I arrive at Union Square and laugh. Alongside music and Marcel Duchamp, mushrooms vied for Cage’s affection because, he said, music and Marcel Duchamp and mushrooms all begin with the letter ‘M’. Randomly, the first thing I see is a mushroom stall and I think, wow, New York sure sounds like John Cage.
Listening to the sounds around Cage's appartment
I made these two field recordings on April 10th 2012 outside John Cage and Merce Cunningham's former apartment on the corner of West 18th Street and 6th Avenue in midtown Manhattan. They take inspiration from different elements of different Cage works in order to engage with and explore some of his ideas.
The first recording was made mid-morning, the second during the early evening after I'd walked with the composer and improviser Jessica Pavone to the food market in Union Square on 14th Street, where Cage shopped every day, and where the first stall we saw happened to be selling mushrooms.
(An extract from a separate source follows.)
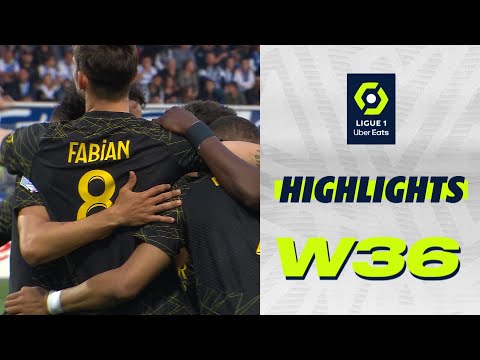 Highlights Week 36 - Ligue 1 Uber Eats / 2022-2023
Deciding on a duration of 4 minutes and 33 seconds (although one recording tipped the dial into 4 minutes and 34 seconds), I stood outside Cage's front door looking at a score of one of his late-period number pieces. Notes sit on disembodied staves. Time brackets above indicate a starting point and end point during which the note can be sounded. I used those durations to tell me how far to walk before changing direction and walking the other way.
Cage teaches us to be accepting of what happens, that randomness can be symbolically accurate and precise. That said, I didn't expect a vast utility truck to pass just I started the second recording; and if you listen carefully you can hear the steady plod of my feet imposing a rational pulse on the otherwise randomly captured soundscape.